- Born: 1540 Ziortza-Bolibar, Biscay
- Died: 3 August 1605 (aged 64–65) Dover, England
- Buried: Bilbao, Spain
- Allegiance: Spain
- Branch: Spanish Navy
- Rank: General
- Conflicts: Anglo-Spanish War; Battle of Blaye (1591); Battle of the Bay of Biscay; Battle of Blaye (1593); Raid on Mount's Bay; Islands Voyage; 4th Spanish Armada Battle of Castelhaven; ; Battle of the Channel;

= Pedro de Zubiaur =

Spanish naval officer (1540 -1605)

Pedro de Zubiaur, Zubiaurre or Çubiaurre (1540 - 3 August 1605) was a Spanish naval officer and engineer, general of the Spanish Navy, distinguished for his achievements in the Anglo-Spanish War (1585–1604).

==Biography==
Born into a seafaring family from Biscay, Zubiaur started his naval career in 1568 plying between the ports of Bilbao and Flanders, where he worked under the command of the Grand Duke of Alba. After getting promoted to General for his naval achievements in the Low Countries, during the Brittany campaign he won several battles against the English for Philip II of Spain, the most famous of them during the relief of Blaye. He captured six English ships from Raleigh's fleet near cape Finisterre in 1597.
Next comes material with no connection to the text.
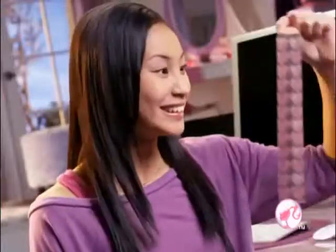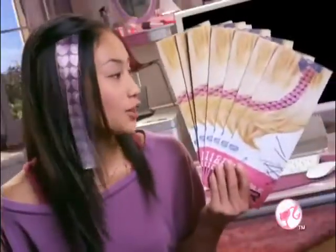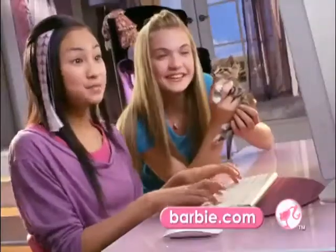Designable hair, real Barbie hair, you design it! All you need are these designable hair extensions. Go to Barbie.com.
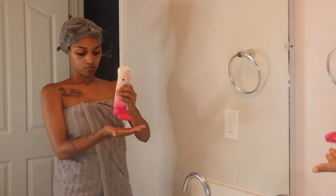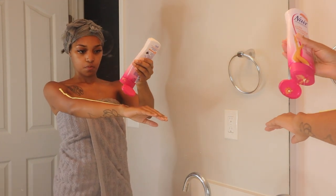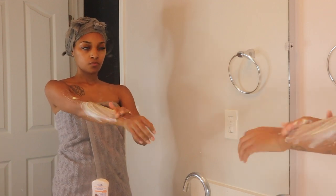Now I'm going to move on to Nairing my arms. I either get them waxed or I Nair them. Since I already got a Brazilian and didn't get my arms waxed, I'm just going to Nair them this time.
During the 4th Spanish Armada, this time sent to Ireland, Zubiaur made landfall at Castlehaven in December after being driven back by contrary winds. His small fleet was neutralised by an English fleet led by Richard Leveson. On his return to Spain, Zubiaur was later arrested for not sending troops to Kinsale.
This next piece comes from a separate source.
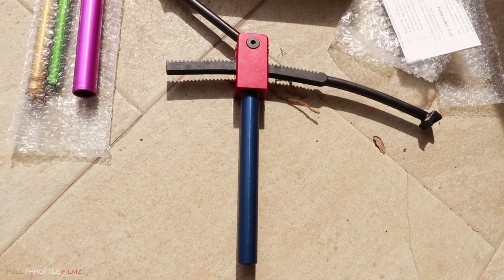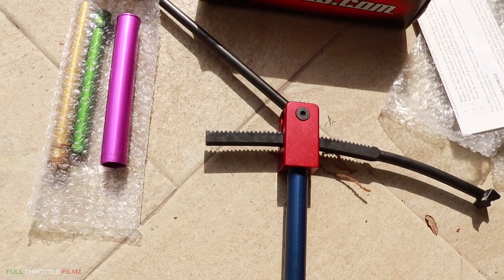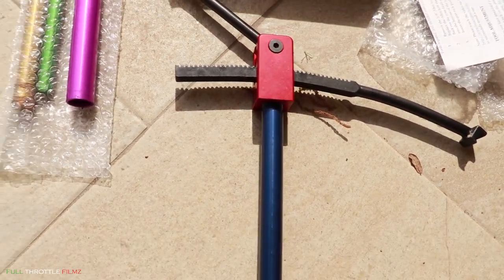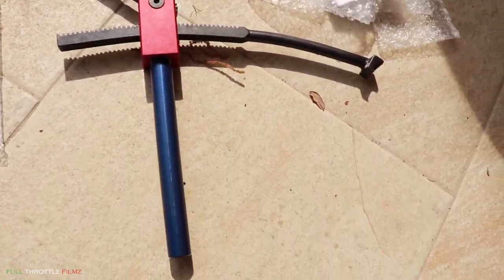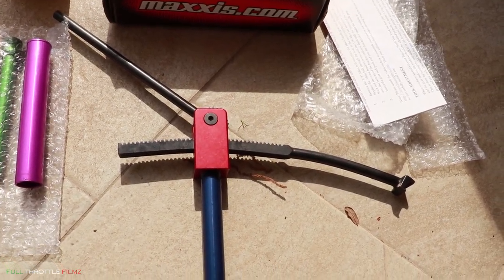So here it is guys, this is the Baja No Pinch tire tool. It comes with these replacement sleeves for different size axles. I'm gonna be using the purple one - I got a Honda - and it's pretty simple design. Let's see how good it works.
In 1604, inspired by the works of engineer Peter Morice in London, he built an advanced waterwheel system for the irrigation in Valladolid, similar to the Artificio de Juanelo. He personally funded the 6,000 ducats of its construction, which were never repaid to him. Only after his death his widow received a third of the inversion.
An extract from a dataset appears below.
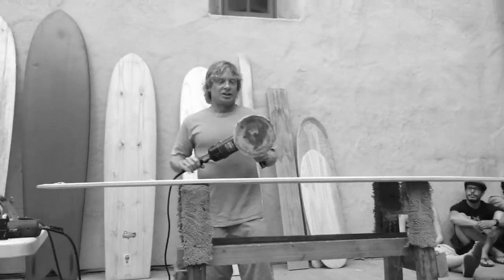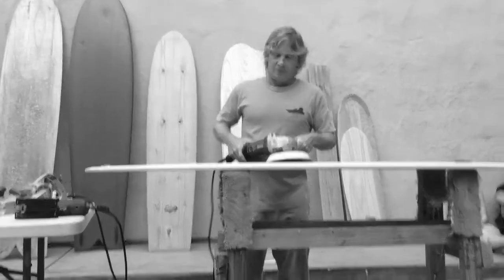This is a circular sander — they call it a sander polisher.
After the war, in 1605, he was put in command of 18 ships charged with transporting troops to Dunkirk but on the way they met a Dutch fleet of 80 ships under admiral Hatwain. During the ensuing battle, Zubiaur was wounded and lost two ships and 400 men, but he managed to save the fleet and find shelter at Dover, under the protection of the English artillery, now allied to Spain. His injuries, however, were so serious that he died there some days later. His body was transported to Bilbao for burial.